Aim of the exercise >>
Set down the final stretch of the data, from the line that holds "取引完了　0円 植木の画像" through the last line, both included, with pictures left out.

Start of Data records

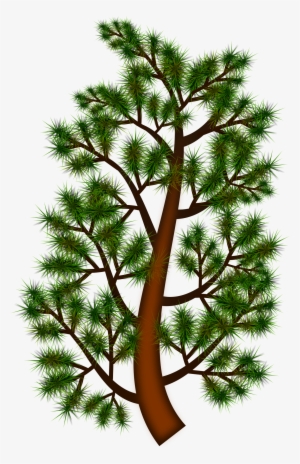 This Free Icons Png Design Of Pine Tree Branch #60310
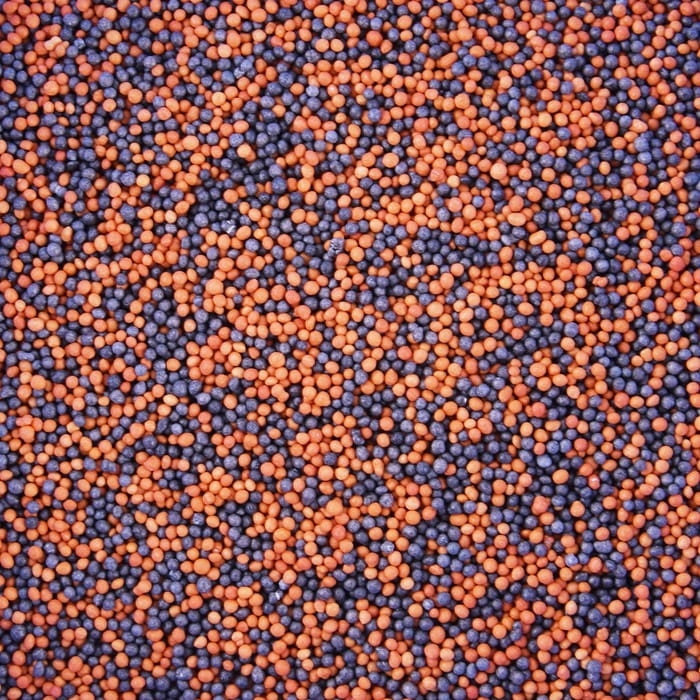 Maczek Cukrowy POMARAŃCZOWO-CZARNY Posypka 50 g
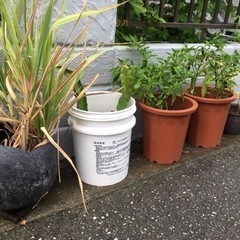 取引完了　0円 植木の画像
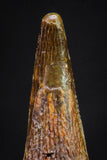 20896 - Top Beautiful 1.07 Inch Pterosaur (Coloborhynchus) Tooth Cretaceous KemKem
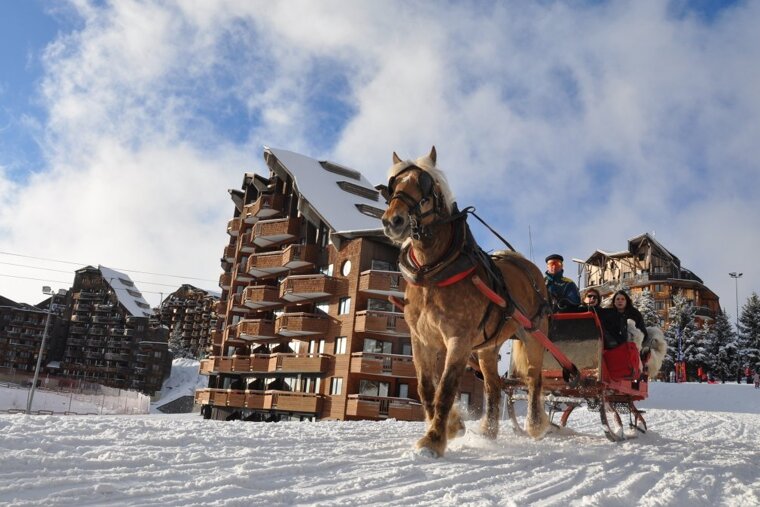 horses pulling sledges for tourists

End of Data records

Exercise answer >>
 取引完了　0円 植木の画像
 20896 - Top Beautiful 1.07 Inch Pterosaur (Coloborhynchus) Tooth Cretaceous KemKem
 horses pulling sledges for tourists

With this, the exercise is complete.